Aldermen Mark Doornink, Phil Rath and Bill Zienert have filed non-candidacy papers and won’t seek re-election to the Clintonville City Council in the April 7 election.
Zienert is finishing his second term on the council. He said he wants to pursue other ways to help the community.
“My overwhelming reason [for not seeking re-election] is I feel like I can do more for my community focusing my time on non-governmental pursuits like Boy Scouts, my church, and things of that nature,” Zienert said. “I love our community. I’m committed to it, and if I’m going to take time away from my family and my business I want to do it with something I can make the most difference with the time that I have.”
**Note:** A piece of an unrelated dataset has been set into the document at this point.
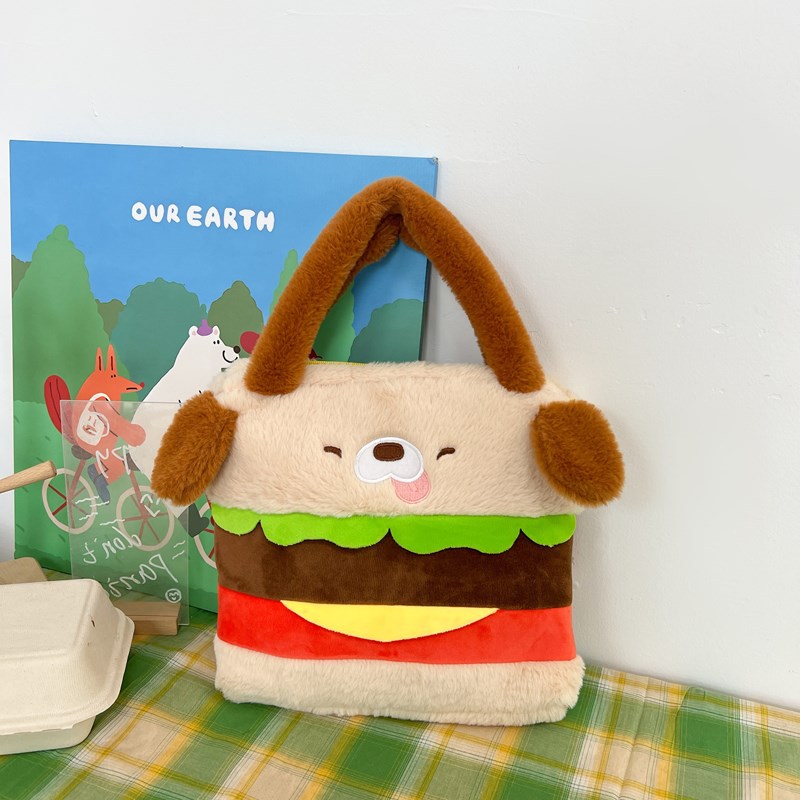 Viverra Girl Donum Plush Stuffed Hamburger Dog Toy Handbag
He added, “Wanting to be part of a group that is dedicated to wanting to build Clintonville up is really important to me. From my perspective, there are other groups in our community that are doing a more consistent job of that than city government.”
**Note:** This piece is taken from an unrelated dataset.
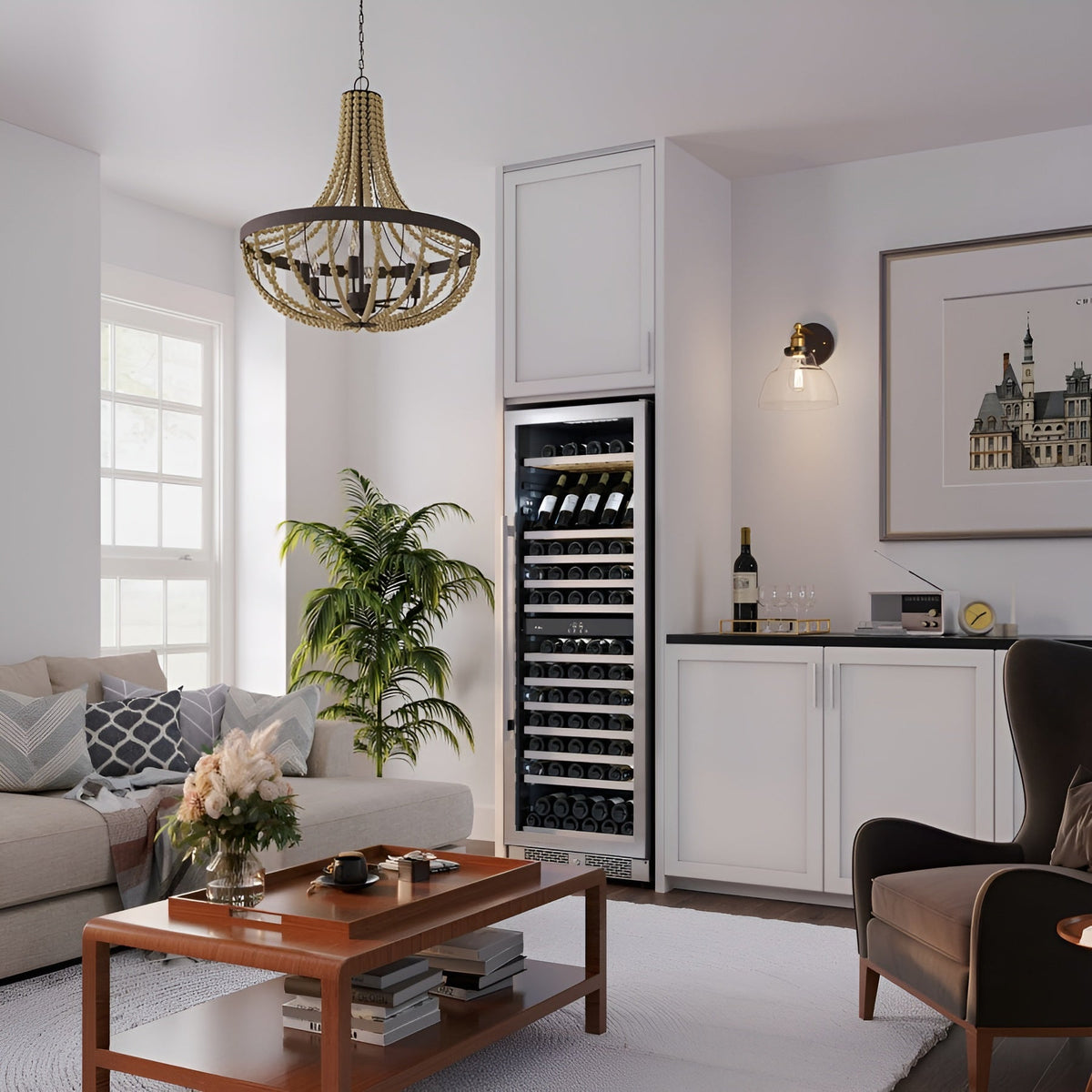 Avallon 24 Inch Wide 140 Bottle Capacity Built-In or Free Standing Wine Cooler with Wood Shelves, Dual Zone Cooling, Door Alarm, Door Lock and Energy Star Rated - AWC243TDZRHA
Rath said he has served on the city council on and off since 2006.
“I’ve been on the council for several years and it’s time for me to step down,” Rath said.
He added that the political unrest in the city “somewhat” weighed in on his decision.
Serving on the council has also been a pleasure, Rath said.
Doornink said he has served on the council for a total of nine years.
He said it wasn’t an easy decision to not seek re-election, but it was the best decision for him and his family.
He added that the political unrest in the city “heavily” weighed in on his decision. He said that there have been a lot of council meetings and committee meetings that have taken his time away from his family.
Both Doornink and Zienert said they are concerned about the future of the city council and the city.
“That’s the hard part of not running,” Doornink said.
He added that the city and council has lost a lot of experienced people over the past six months.
Zienert was quick to point out that the city is lucky to have the dedicated employees that keep the city operating. He added that the city has lost out on opportunities in recent months.
“My biggest disappoint or concern is I feel we are going to miss opportunities that come our way as a city because we’ve chosen to focus on somewhat pretty myopic, and in some cases, very personal contentious debates,” Zienert said. “Every time we spend an hour discussing the mayor’s leave of absence or any of these other issues, that’s an hour we’re not talking about how to build up the industrial park, how to strengthen our park system, and how to create a place where people want to live and work in.”